Initial sleep study. Moderate sleep apnea, CSA and OSA

MD impressions using ResMed CPAP: G47.33 OSA, Overall AHI of 7.5/hr.(high due to being awake 3.5 of 7 hr test)
MD recommendations: CPAP at 11cm H2O. Expiratory pressure reduction, ResMed N30i mask


manich (Therapy Thread) - Peach25 - 06-23-2022

Do you know the amount of CSR in the initial study..? With that ICD-10 code for OSA from the specialist, I’m presuming there wasn’t a significant quantity of CSA…however (and I do apologise for banging on about this) I do think it would be a good idea to trial/rent a machine from a provider for a month or so on the prescription before purchasing your own, just to make sure it’s treating what it needs to (considering all machines aren’t equal in what they can do in terms of range of conditions). I’m not sure about the trial situation where you are, however there might also be opportunities to trial masks before buying too.


manich (Therapy Thread) - manich - 06-23-2022

(06-23-2022, 06:04 PM)Peach25 Wrote: Do you know the amount of CSR in the initial study..? With that ICD-10 code for OSA from the specialist, I’m presuming there wasn’t a significant quantity of CSA…

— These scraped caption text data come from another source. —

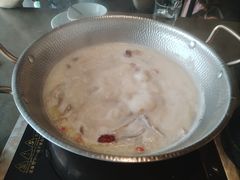 -捞王锅物料理(上海世茂广场店)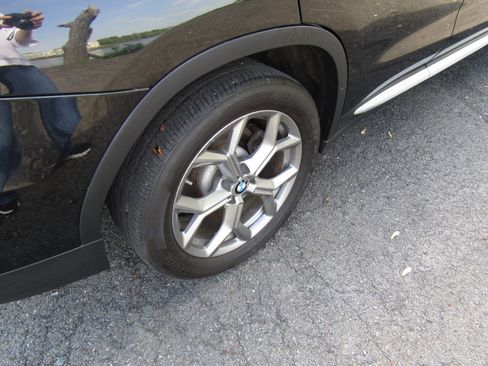 Used 2020 BMW X3 xDrive30i AWD/4WD image 31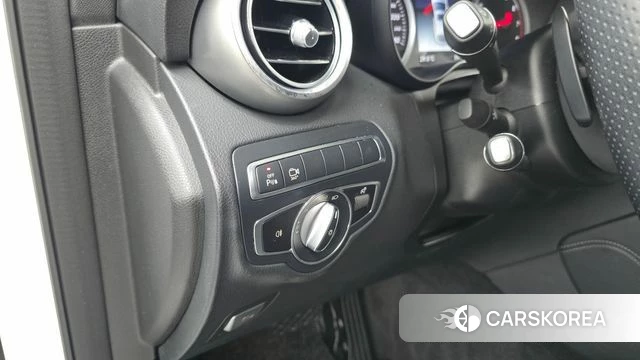 Mercedes-Benz GLC-Class X253 id 4662633 из Кореи 8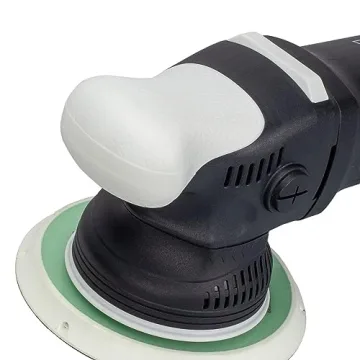 Maxshine M21 Pro Polisher - Power, Precision, Perfection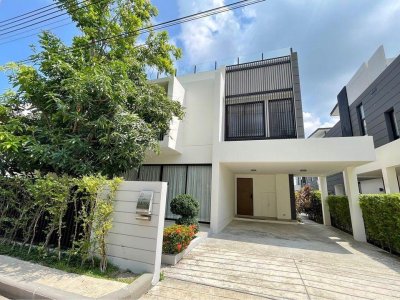 2R0735 ให้เช่า pool villa 5 ห้องนอน 5 ห้องน้ำ ราคา 110,000/เดือน โซนเชิงทะเล,ถลาง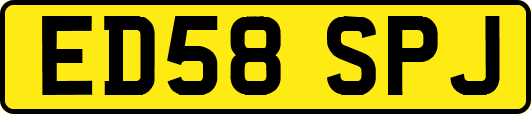 ED58SPJ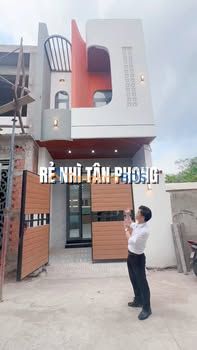 Nhà riêng Biên Hòa Tân Phong 66m² 3.45 tỷ - Chính chủ bán hiếm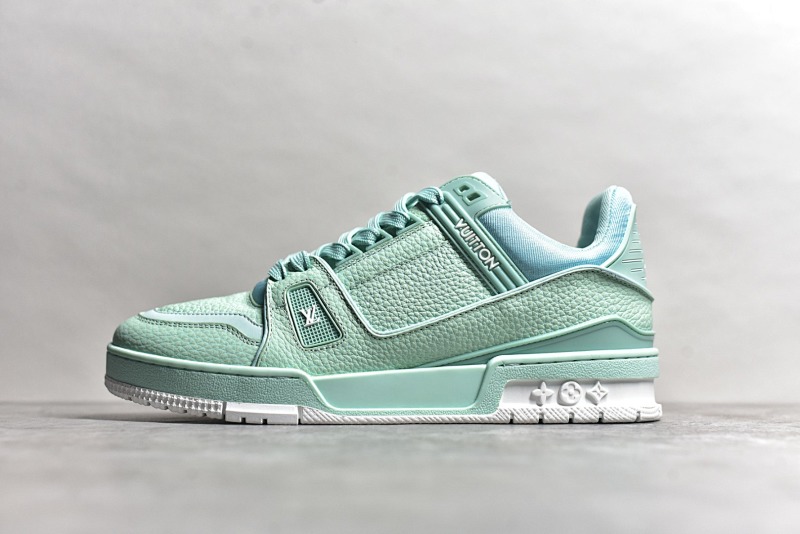 Louis Vuitton 280Y AM 1ACRMT Mint Green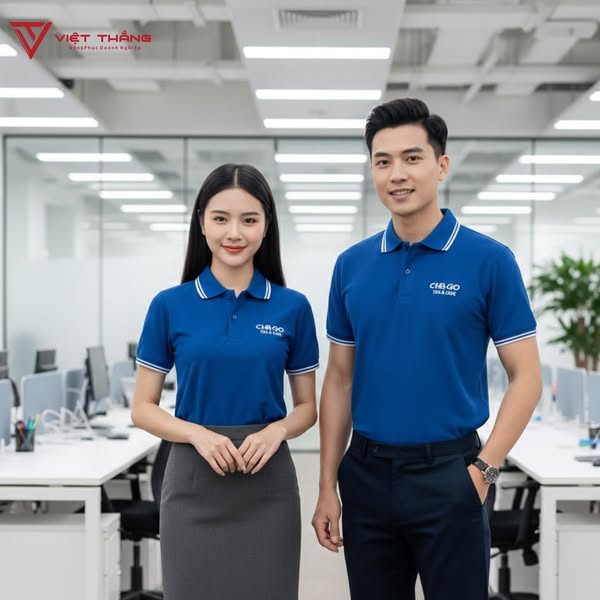 7 Yếu Tố Bắt Buộc Khi Ký Hợp Đồng May Đồng Phục Doanh Nghiệp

I don't see CSR or CSA on my initial sleep study report. The PA highlighted these:

CA      5.7
Apnea 6.0
A+H  13.2
RERA   8.1
Total  21.3


manich (Therapy Thread) - Peach25 - 06-23-2022

My apologies: a typo - CSR should’ve been CSA, and CSA refers to central sleep apnoea (I’m sorry again - I didn’t review my autocorrect’s). 
Thanks for sharing the data; the amount of centrals is worth following regarding initiating therapy for obstructive apnoeas using set pressure: maybe they’ll resolve once you’re on therapy, however in some instances they don’t. The best indicator is if you still feel tired despite being on treatment for a while. Then, it might be worth checking the data, which will be able to show the types of apnoeas occurring (keeping in mind that being able to report the different apnoeas/other events, some machines can’t treat the more complex types). 
My apologies again for not checking the spelling before posting, and for any resultant confusion it may have caused.


manich (Therapy Thread) - Gideon - 06-24-2022

CA = CSA = 5.7 = Central Apnea
OA = 0.3 =. Apnea - CA = 6 - 5.7
H = 7.2 which could be either Obstructive or Central. Most sleep tests do  not distinguish between them.
RERAs = 8.1, a series of flow limitations ending in arousal.  These are typically under reported.

IMHO you should have a diagnosis of CSA. This opens the door for possible treatment with an ASV or a BiLevel with Backup rate.

Making a bad assumption that all of the hypopnoea is obstructive your doc can make a good case for a diagnosis of OSA.  In that case ask him to make a secondary diagnosis of CSA to eliminate the need to take another diagnostic sleep study just to prove you have some central apnea


RE: manich (Therapy Thread) - OpalRose - 06-24-2022

Hi manich,
I moved the discussion in the "Machine Choices Thread" and started this new thread for you here. See your PM.